The circulatory system is comprised of the heart and blood vessels. Blood circulates throughout the body inside a connected series of blood vessels. Beginning in the right side of the heart, blood is pumped into the lungs, where it picks up oxygen and then returns through the left side of the heart into aorta. From the aorta the oxygen-rich blood enters arteries, which eventually branch into smaller arterioles and finally into even smaller capillaries which supply tissues with oxygen. The oxygen-depleted blood then returns to the heart for recirculation through tiny venules and then thicker veins, passing through the liver and kidneys along the way, where carbon dioxide and other waste products are removed. Circulatory disorders in general refer to defects in circulation of blood in the brain, liver, lungs, kidneys and abdominal organs. There are many diseases and disorders associated with circulatory problems, which exist when oxygenated blood canot make the complete circut of the body without restriction. There are many reasons why blood flow may be inhibited: clots, injuries, tumors, and inflammatory diseases of the blood vessels; congenital heart and liver defects, and various heart diseases and disorders.



Disorders of the Blood Vessels

Atherosclerosis (hardening of the vessels due to formation of atherosclerotic plaques).Incidence of atherosclerosis in dogs and cats is far less common than in humans, and is usually results from other diseases, namely hypothyroidism, diabetes mellitus, hypercholesterolemia or hypertriglyceridemia. Hypertension is associated with Cushing syndrome).

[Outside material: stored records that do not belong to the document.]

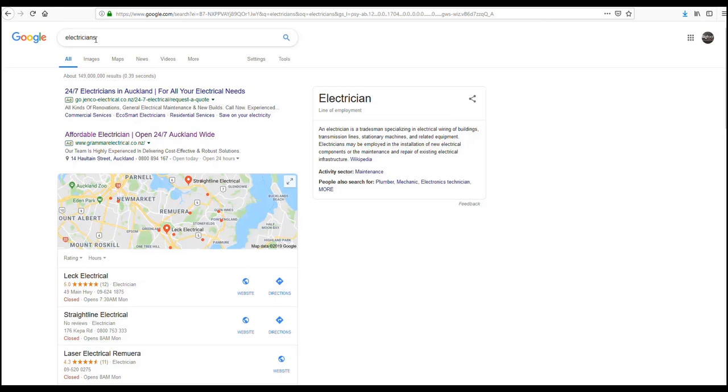If you undertake the same search again and again, you'll notice that the results it provides will start to change because Google thinks that you don't like what it's shown you because you haven't reacted to any of those.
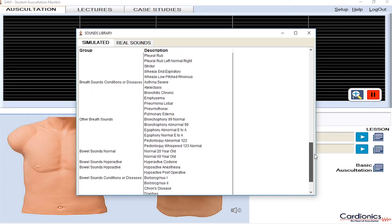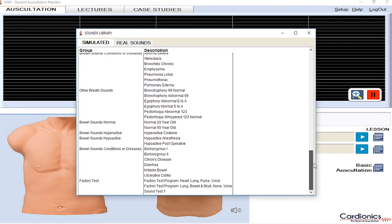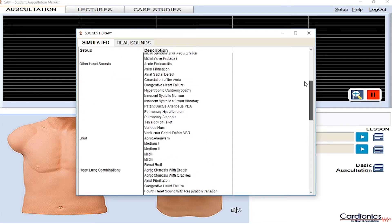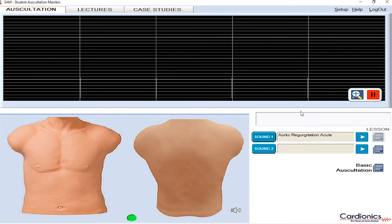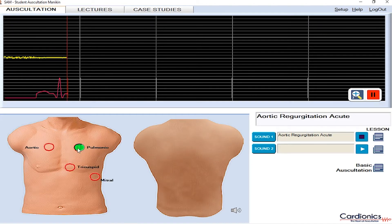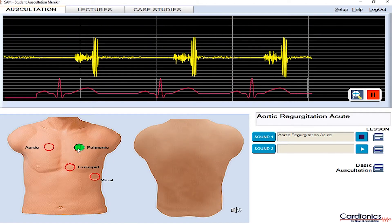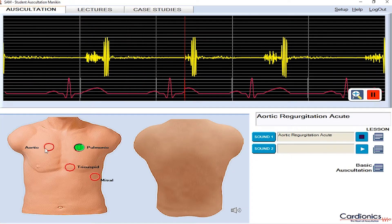To begin, select the sound you'd like to hear while auscultating. Choose from either our simulated library or Real Sounds library. To start playing the sound, click the play button and SAM is immediately ready for auscultation with any stethoscope.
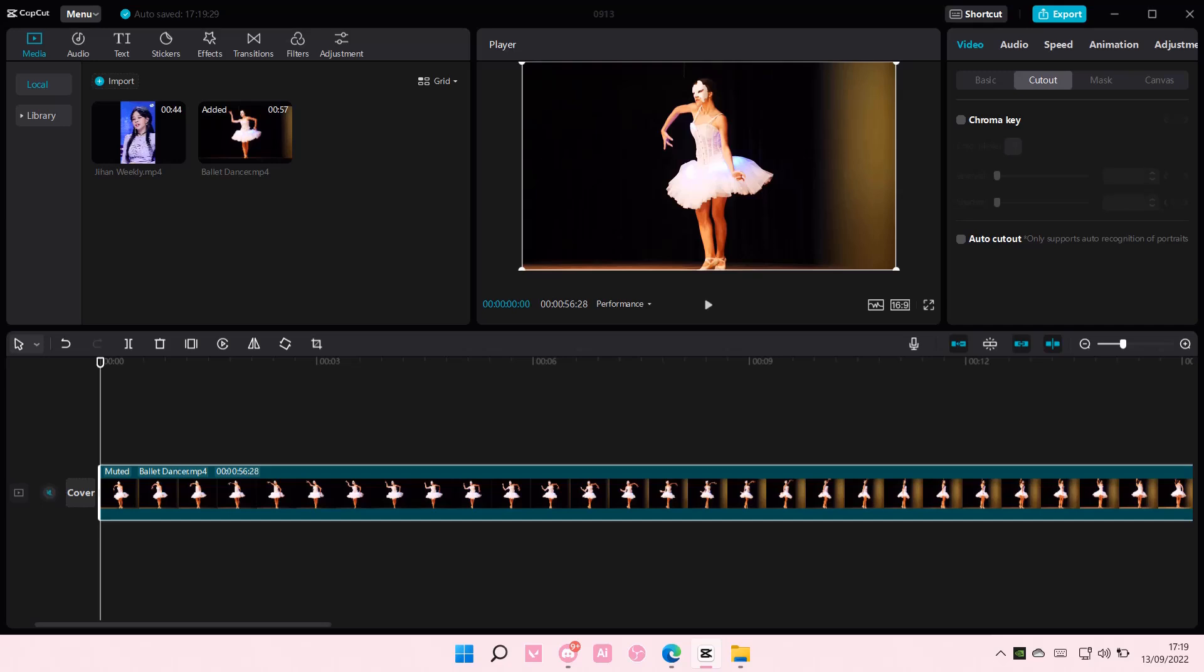Hey guys and welcome back to this channel. In this video, I will be showing you guys how to create a cover for your video on CapCut PC.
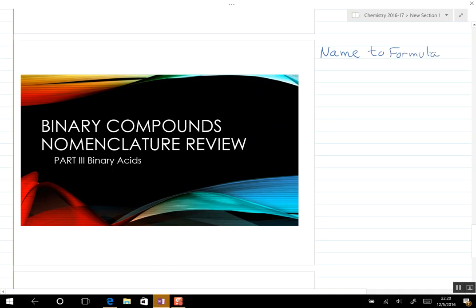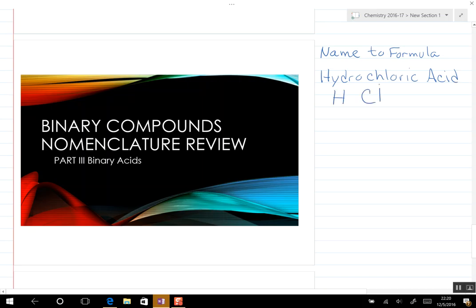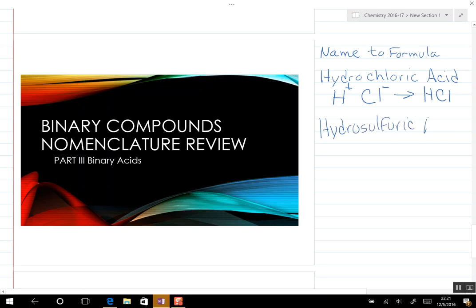If we have hydrochloric acid, which is a very common acid, it has hydrogen (plus one) and chlorine (minus one), so we just snap them together to get HCl. If we have hydrosulfuric acid, we have hydrogen and sulfur. Sulfur is a minus two charge and hydrogen is plus one, so we need two hydrogens, giving us H₂S.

Chronic kidney disease can be a cause, as well as a consequence of hypertension, which constitutes a major risk factor for the progression of kidney disease and vascular complications.4 Arterial thromboembolic disease and pulmonary thromboembolism have been associated with many conditions, including protein-losing nephropathy, Cushing syndrome, tumors, chronic nephritis, heartworm disease, hypothyroidism, bloat, pancreatitis, arteritis (inflammation of the arteries), and a number of cardiovascular diseases.5

Circulatory Disorders of the Liver

Circulatory disorders of the liver in dogs and cats can be categorized as congenital portosystemic shunts, disorders associated with outflow disturbances resulting in passive congestion of the liver, and disorders associated with portal hypertension. Chronic passive congestion of the liver is almost always the consequence of heart failure. Portal hypertension is the abnormal persistent increase in pressure in the portal venous system. Consequently, it is often accompanied by acites and acquired portosystemic shunting via collateral vessels. Portal hypertension is regularly seen in dogs but rare in cats.1 In the dog, it is usually the result of advanced liver disease. Disorders associated with portal hypertension include portal vein obstruction (thrombosis induced by local inflammatory processes, parasitic infestation, and tumors); primary hypoplasia of the portal vein, and Thrombophlebitis of the portal vein.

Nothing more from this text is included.